Originally posted by @Jassem A.:

if you buy your personal home using similar criteria as your rentals then there is nothing really limiting mobility because you can easily rent your personal home. If your personal home is too luxurious then I assume you will make more money from it as a vacation rental anyway.

I agree with Jassem. When I purchased my duplex I made sure that if I were to rent out both units I would at least break even. Since a refinance (out of an FHA) and rent for my location increased i'm now looking at a 9600 NOI. And if I chose to rent 1 like i do now, I pay $1000 of the mortgage personally for a unit that is going for $1800-$2000 in my neighborhood. Considering I only put 17k for down-payment and maybe 25k improvements (not repairs), that's ~23% potential cash on cash return. Not to mention it has 250k Equity. Just throwing another number in there, my principle recapture is about $7500 per annum. All of which I would have missed if i were still trying to save 100s of 1000s of dollars.

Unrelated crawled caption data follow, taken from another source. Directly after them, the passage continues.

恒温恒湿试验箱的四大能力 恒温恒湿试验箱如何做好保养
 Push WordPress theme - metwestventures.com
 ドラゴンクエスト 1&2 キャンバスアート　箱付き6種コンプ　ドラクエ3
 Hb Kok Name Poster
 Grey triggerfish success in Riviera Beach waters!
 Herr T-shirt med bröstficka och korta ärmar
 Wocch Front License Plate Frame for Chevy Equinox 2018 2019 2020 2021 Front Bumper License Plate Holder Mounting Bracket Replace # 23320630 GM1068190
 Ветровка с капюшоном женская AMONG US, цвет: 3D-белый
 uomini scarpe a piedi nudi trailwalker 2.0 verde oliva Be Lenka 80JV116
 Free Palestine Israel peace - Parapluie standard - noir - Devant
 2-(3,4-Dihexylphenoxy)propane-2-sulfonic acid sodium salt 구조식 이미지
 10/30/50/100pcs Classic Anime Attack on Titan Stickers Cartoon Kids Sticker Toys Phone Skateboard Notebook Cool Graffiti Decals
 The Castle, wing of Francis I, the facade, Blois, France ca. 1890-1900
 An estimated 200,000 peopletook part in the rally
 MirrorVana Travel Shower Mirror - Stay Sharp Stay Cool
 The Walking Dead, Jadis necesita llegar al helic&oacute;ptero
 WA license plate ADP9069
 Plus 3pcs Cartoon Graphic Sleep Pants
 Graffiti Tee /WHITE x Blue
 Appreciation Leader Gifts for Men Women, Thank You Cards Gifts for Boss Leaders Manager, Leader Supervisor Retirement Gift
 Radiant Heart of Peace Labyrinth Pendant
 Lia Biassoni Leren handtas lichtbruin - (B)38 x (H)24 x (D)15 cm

I'm glad I made the move when I did with my meager stack of cash rather than waiting to save big bucks in order to buy  a multi-million dollar MF property. I would have been bleeding money in the form of rent payments as I wait for that moment which may never come. 

Just my 3 cents

Post: Cash + Equity Loan Investment Strategies

Keino ChichesterPosted
  • Brooklyn, NY
  • Posts 33
  • Votes 12

@Paxton J. I don't know much about your market but I would say use the HELOC first before the withdrawal period ends. Cash is more flexible so you may want to keep that on hand or spend it last. With 200k as 25% down-payment, you can get up to 800k property, You can then evaluate the Potential Income (Rents) and expenses (debt, utilities, maintenance, etc) of properties at that price point in your area to see if it it worth it. But I know for a fact that you can get more than $1000 with what you have.

One example, I know of someone who purchased a Rochester SFH for 55k (35k then 20k rehab) it now rents for 1300/mo.

Keep us updated with the journey. I myself have access to 100k HELOC and am brainstorming on what moves to make next.